A través del guachap, esa denostada herramienta, y en un mensaje de grupo, de esos grupos que yo mismo a veces ataco con mi habitual desmesura, me ha llegado el siguiente mensaje (a mí y a todos los miembros del grupo, claro): «Los mejores amigos del mundo, para lo bueno y para lo no tanto; siento disgustaros, pero mi padre se ha muerto hace un ratito. Os pido que recéis por mi madre y no me digáis nada: lo sé. Voy de camino. Un beso fuerte».

Me vienen a la cabeza y al corazón tantas palabras, tantos sentimientos, tantas emociones… Se agolpan recuerdos propios, y también los momentos en que has conocido y tratado al recién fallecido. Me vienen, precisamente en momentos en que estoy especialmente sensiblón, las lágrimas fáciles, esas que saltan para ocultar otras más profundas que pugnan por salir pero que siempre acabo conteniendo… 

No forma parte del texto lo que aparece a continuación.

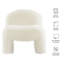 Chaise d'appoint en fausse fourrure blanche Mina-2084365407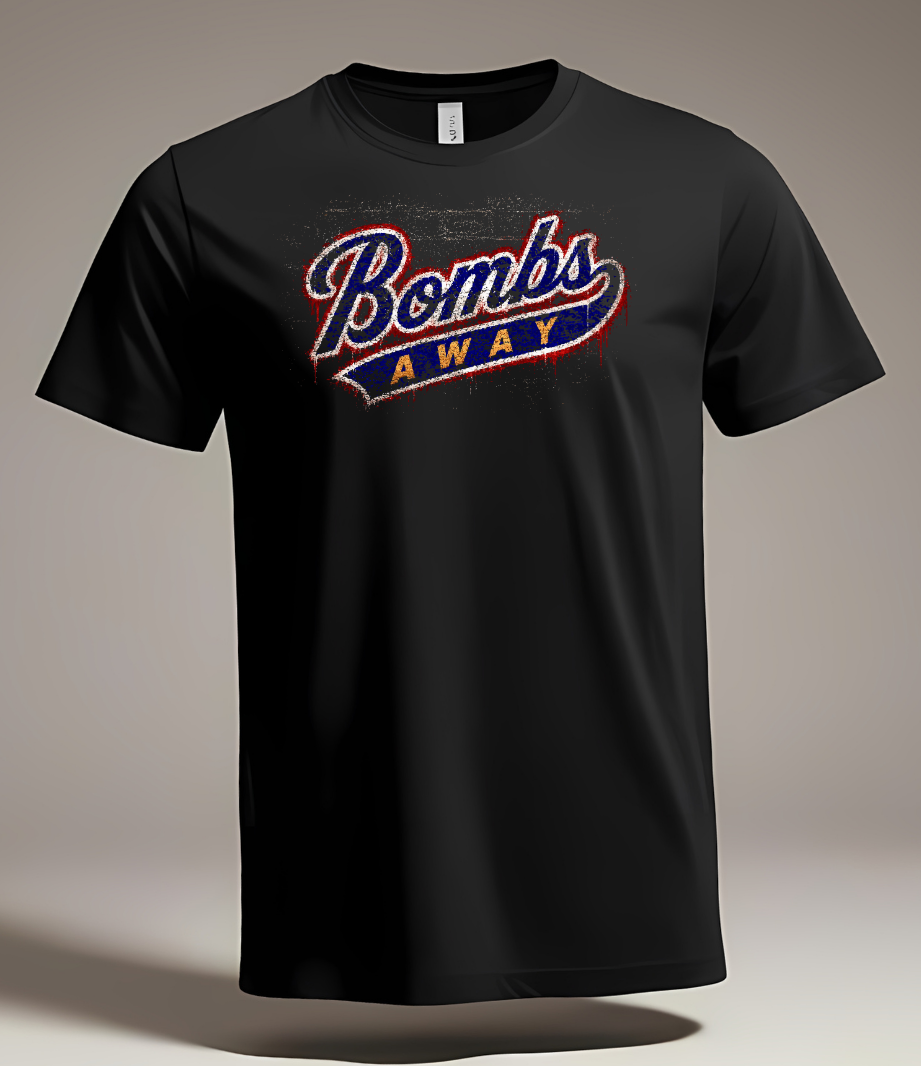 Bombs Away Black Tee Shirt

Soy de los que piensan que uno tiene, como mínimo, una misión en la vida: algunas de esas misiones se resumen torpemente en la clásica expresión que habla de «tener un hijo, plantar un árbol, escribir un libro». Crear una familia, ayudar a andar a una persona, educar a un hijo (o a varios), mejorar la vida de los demás con el fruto de tu trabajo, con tu esfuerzo, con tu sonrisa… Y de algún modo, cuando tu misión en la tierra se ha cumplido, o ha sido traspasada a otras manos más jóvenes, más hábiles o más indicadas para ello, llega el momento de asumir tu misión en el cielo. Porque también en el cielo, ese agradable lugar que ha sido visto como un jardín, un palacio, un bar incluso…, uno tiene que desarrollar una misión. Unos serán querubines, o ángeles tañedores de cítaras y pífanos, otros se dedicarán al seguimiento y la protección, a la custodia, vamos, de los «de abajo», otros, quizá, estén tras la barra del bar sirviendo espiritosos licores en copas con forma de tiara…

En estos momentos en los que tanto se habla de sentido del humor, de capacidad de reír sin ofender, de hacer el bien sonriendo, de libertad y respeto… resulta que fallece el padre de mi amiga, un hombre a quien he conocido, con quien he tratado, con quien he compartido risas y regañinas, con quien he cantado… Y me ha dado por pensar que quizá, por mucho que aquí nos duela, por mucho que a su mujer, a sus hijos y nietos, a sus hermanos y amigos, les duela, le ha llegado el momento de desarrollar su misión en el cielo. Porque es posible que haga falta, ahora, en el cielo, más sentido del humor, del sano. Y él, el padre de mi amiga, es una excelente aportación para mejorar el sentido del humor y pasar largos y buenos ratos con diversión libre y respetuosa. Comenzarán enseguida a multiplicarse las sonrisas en el cielo…

Dice el poeta americano Wallace Stevens (y con esto aporto la frase-cita) que «el buen humor es un deber que tenemos para con el prójimo». Tengo mis dudas. Desde luego, personas como el padre de mi amiga vivieron prodigando a los demás su buen humor. Pero no sé si en su caso era un deber autoimpuesto o más bien era algo de suyo natural… Me inclino más por la segunda opción.

Está claro que el buen humor, vivir con buen humor y extender el buen humor entre los demás, es algo que deberíamos hacer mucho más de lo que hacemos. Y que deberíamos tomar como modelo a aquellos que siempre tuvieron/tienen una sonrisa en la cara. Pero, ojo, una sonrisa cierta, no esa beatífica sonrisa panolística, ni esa huera sonrisa panholística (permítaseme el juego de palabras, que al final los panolis y los buenrollis es lo que tienen, una huera oquedad rellena de nada sin forma…). No, una sonrisa de hombre de bien. Y cabal.